(Given information)

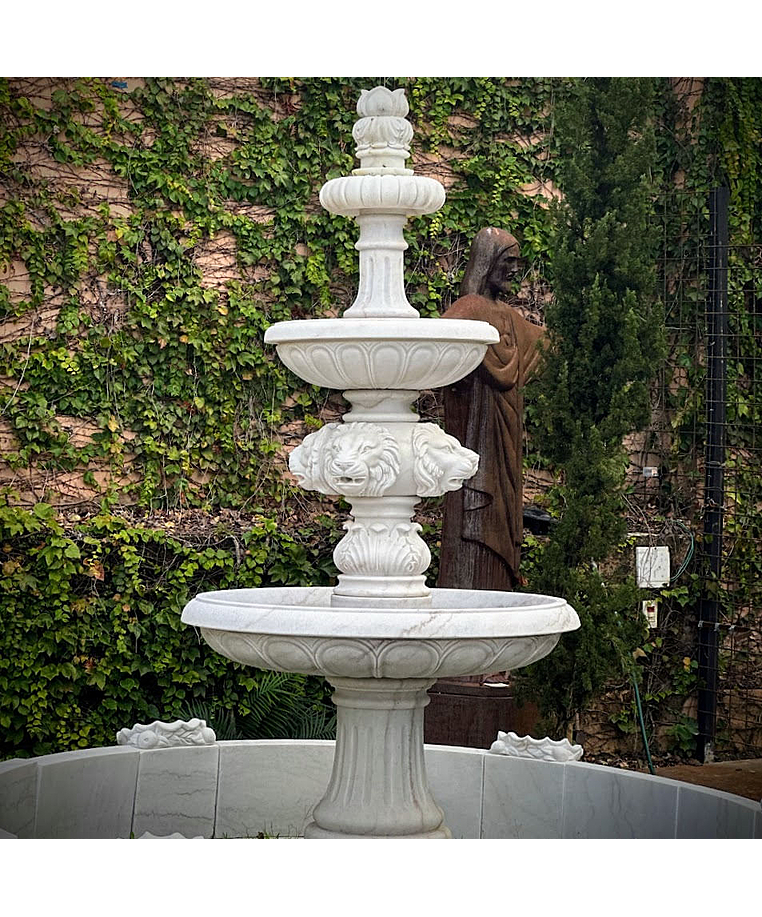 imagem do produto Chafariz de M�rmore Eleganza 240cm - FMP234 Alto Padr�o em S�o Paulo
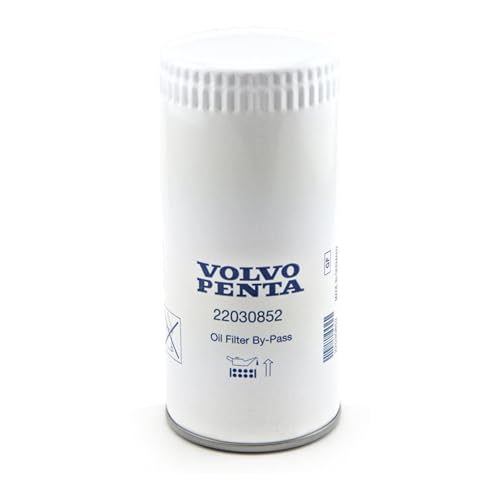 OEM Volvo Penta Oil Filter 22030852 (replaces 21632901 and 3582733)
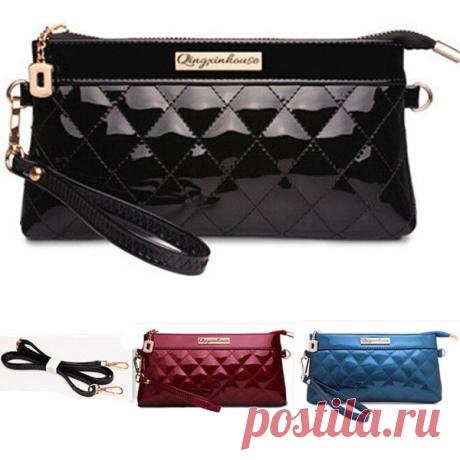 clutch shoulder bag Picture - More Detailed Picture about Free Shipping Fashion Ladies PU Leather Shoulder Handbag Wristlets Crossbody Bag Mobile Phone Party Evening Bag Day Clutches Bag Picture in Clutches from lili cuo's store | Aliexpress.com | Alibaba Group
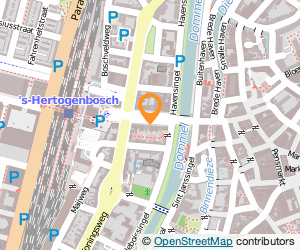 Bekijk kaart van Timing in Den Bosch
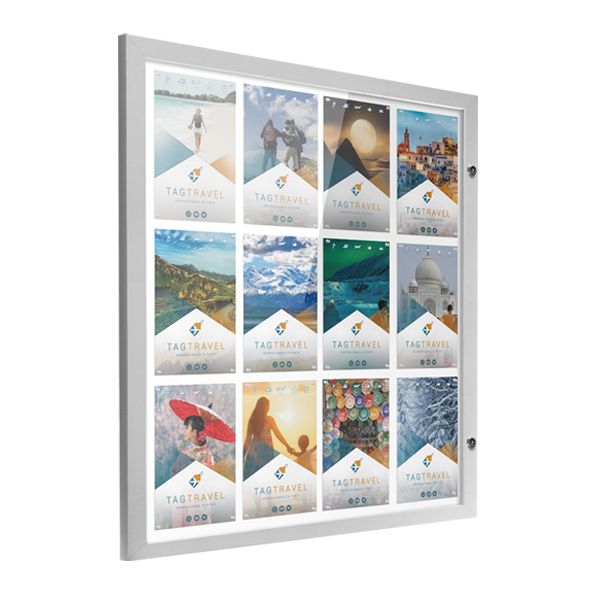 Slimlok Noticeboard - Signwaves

(End Given information)

Exercise goal:
Repeat the entries exactly and keep the pictures out of the copy.

Exercise answer:
 imagem do produto Chafariz de M�rmore Eleganza 240cm - FMP234 Alto Padr�o em S�o Paulo
 OEM Volvo Penta Oil Filter 22030852 (replaces 21632901 and 3582733)
 clutch shoulder bag Picture - More Detailed Picture about Free Shipping Fashion Ladies PU Leather Shoulder Handbag Wristlets Crossbody Bag Mobile Phone Party Evening Bag Day Clutches Bag Picture in Clutches from lili cuo's store | Aliexpress.com | Alibaba Group
 Bekijk kaart van Timing in Den Bosch
 Slimlok Noticeboard - Signwaves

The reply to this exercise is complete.